Optionally, the physiologic waveform 602 may only be determined when the subset (e.g., 312, 706) or time window (e.g., 310, 702) of the PET list data (e.g., 306) corresponds to a select range or predetermined regions of interest of the patient 216 located approximate to the physiologic movement, a source of the physiologic movement, susceptible to the physiologic movement, or the like. The regions of interest and/or the select range, for example, may be selected by the clinician through the operator workstation 234. Optionally, the regions of interest and/or the select range may be based on computer tomography (CT) preliminary scans or a pre-PET CT scan. The region of interest and/or the select range may correspond to an organ (e.g., the lungs, the heart, kidneys, bladder, liver), an anatomical range (e.g., between the bladder and the top of the lungs), a portion of the body (e.g., chest, head, torso). Additionally or alternatively, the region of interest and/or the selected range may be based on a selection on the type of the physiologic waveform 602 to be displayed.

For example, before the PET scan using CTM acquisition, the input device 244 may receive an input to monitor respiratory movement. Based on the selection of respiratory movement, the operator controller 234 may instruct the MDAD 294 to calculate physiologic waveforms 602 corresponding to respiratory movement. The MDAD 294 may only select subsets of the PET list data (e.g., 306) from PET coincidence data located proximate to the lungs and/or an anatomical range of the patient 216 between the bladder and the top of the lungs.

It should be noted that the particular arrangement of components (e.g., the number, types, placement, or the like) of the illustrated embodiments may be modified in various alternate embodiments.

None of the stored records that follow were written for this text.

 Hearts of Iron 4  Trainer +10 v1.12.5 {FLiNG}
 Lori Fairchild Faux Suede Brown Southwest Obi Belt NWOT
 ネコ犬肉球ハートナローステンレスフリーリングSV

For example, in various embodiments, different numbers of a given module or unit may be employed, a different type or types of a given module or unit may be employed, a number of modules or units (or aspects thereof) may be combined, a given module or unit may be divided into plural modules (or sub-modules) or units (or sub-units), one or more aspects of one or more modules may be shared between modules, a given module or unit may be added, or a given module or unit may be omitted.

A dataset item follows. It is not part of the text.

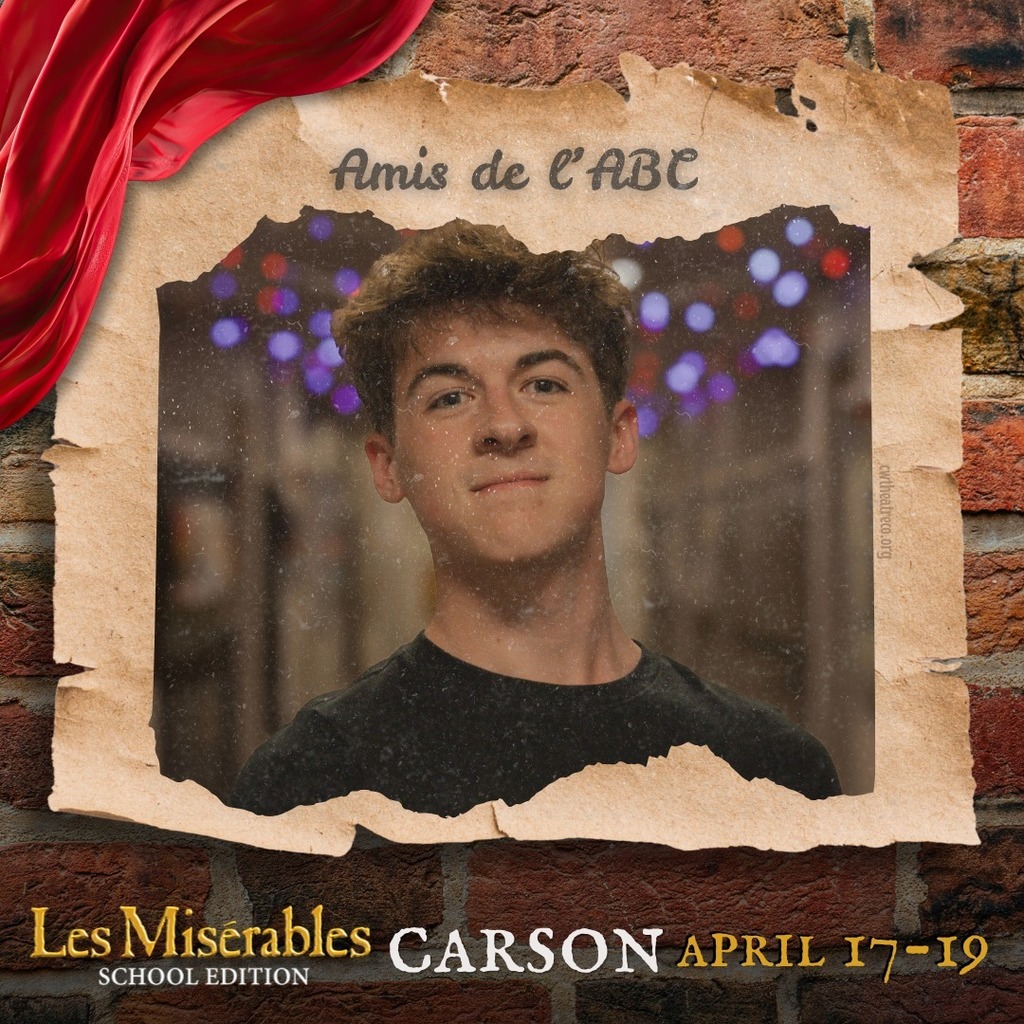 Cast member spotlight for "Les Misérables School Edition." A portrait in a rustic, torn-paper frame over a brick wall background with theatrical red draping. Includes the show logo, performer name, and show dates.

As used herein, a structure, limitation, or element that is “configured to” perform a task or operation may be particularly structurally formed, constructed, or adapted in a manner corresponding to the task or operation. For purposes of clarity and the avoidance of doubt, an object that is merely capable of being modified to perform the task or operation is not “configured to” perform the task or operation as used herein. Instead, the use of “configured to” as used herein denotes structural adaptations or characteristics, and denotes structural requirements of any structure, limitation, or element that is described as being “configured to” perform the task or operation. For example, a processing unit, processor, or computer that is “configured to” perform a task or operation may be understood as being particularly structured to perform the task or operation (e.g., having one or more programs or instructions stored thereon or used in conjunction therewith tailored or intended to perform the task or operation, and/or having an arrangement of processing circuitry tailored or intended to perform the task or operation). For the purposes of clarity and the avoidance of doubt, a general purpose computer (which may become “configured to” perform the task or operation if appropriately programmed) is not “configured to” perform a task or operation unless or until specifically programmed or structurally modified to perform the task or operation.

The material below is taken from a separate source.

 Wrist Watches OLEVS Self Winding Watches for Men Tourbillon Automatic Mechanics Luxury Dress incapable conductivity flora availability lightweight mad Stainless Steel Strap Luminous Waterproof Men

It should be noted that the various embodiments may be implemented in hardware, software or a combination thereof. The various embodiments and/or components, for example, the modules, or components and controllers therein, also may be implemented as part of one or more computers or processors. The computer or processor may include a computing device, an input device, a display unit and an interface, for example, for accessing the Internet. The computer or processor may include a microprocessor. The microprocessor may be connected to a communication bus. The computer or processor may also include a memory. The memory may include Random Access Memory (RAM) and Read Only Memory (ROM). The computer or processor further may include a storage device, which may be a hard disk drive or a removable storage drive such as a solid state drive, optic drive, and the like. The storage device may also be other similar means for loading computer programs or other instructions into the computer or processor.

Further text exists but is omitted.